Infelizmente, esse tipo de intervenção em ameaça ao rompimento do Estado Democrático de Direito não é fato isolado, bastando recordar a oportunidade em que, eleito deputado, Eduardo Bolsonaro afirmou bastar “um cabo e um soldado” para se fechar o Supremo Tribunal Federal (Agência Brasil, 21/10/2018).

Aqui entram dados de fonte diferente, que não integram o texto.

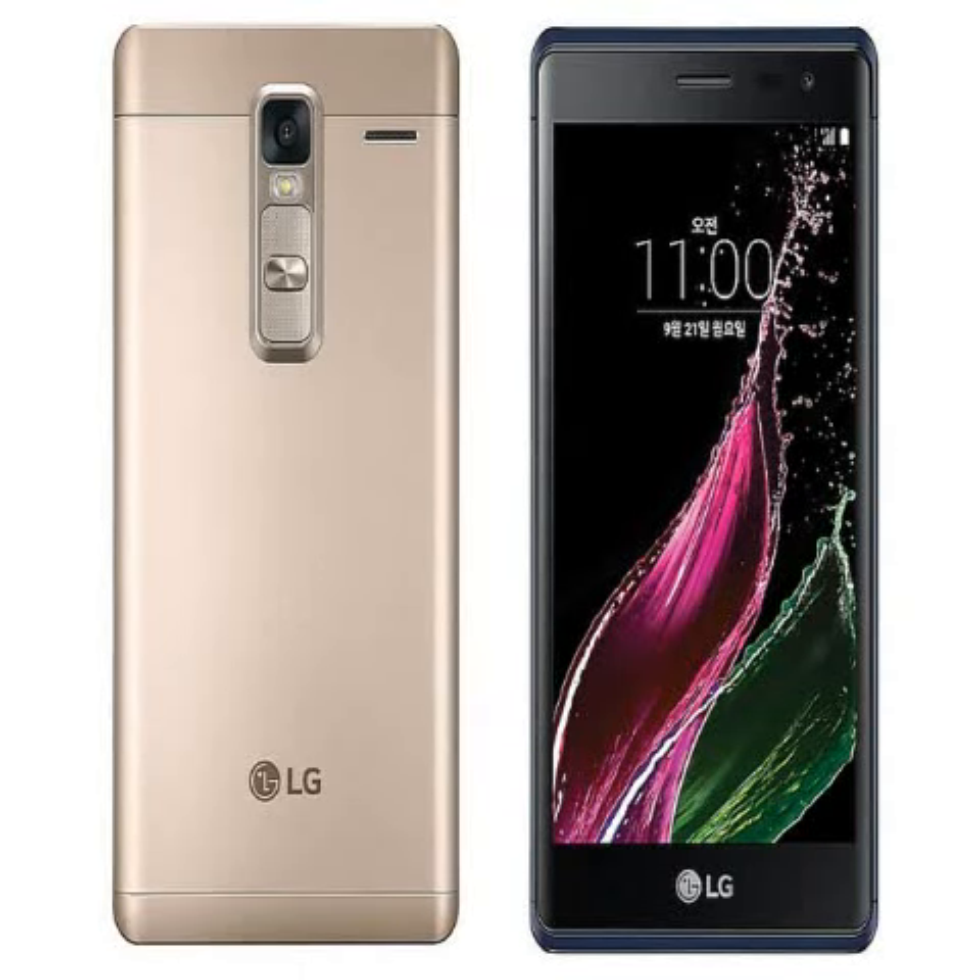LG, as teased, unveiled its new Class mid-range smartphone in Korea. Priced at SKW 399,300, approximately Rs. 22,500, the LG Class will go on sale in Korea starting Monday. Unfortunately, the South Korean company has not revealed plans to launch the LG Class smartphone in other markets as of now.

Em que pese posterior pedido de desculpas, a sequencial defesa de atos autoritários e incompatíveis com a Constituição denotam a ausência de efetiva reconsideração do sentido de suas manifestações.
De resto, esta última declaração se aproxima, em termos de conteúdo e de contemporaneidade, à gravíssima equiparação, em vídeo divulgado em rede social pelo presidente da República, da imprensa, do Supremo Tribunal Federal, de alguns partidos políticos e instituições sociais a hienas que atacam a Presidência da República. Essas mensagens, além de afrontarem a base do regime democrático, a separação dos Poderes e a liberdade de imprensa, têm forte caráter simbólico na consciência popular e estimulam uma polarização incompatível com a tradição do povo brasileiro, por natureza plural e diverso.
A declaração do deputado Eduardo Bolsonaro – filho do presidente da República e em nome de cujo governo parece se manifestar – ignora que cabe ao Estado, por suas instituições democráticas, defender a sociedade contra radicalizações de qualquer natureza, sejam de esquerda, direita, religiosas, ateias, internas ou externas. Não há caminho legítimo fora do desenho constitucional.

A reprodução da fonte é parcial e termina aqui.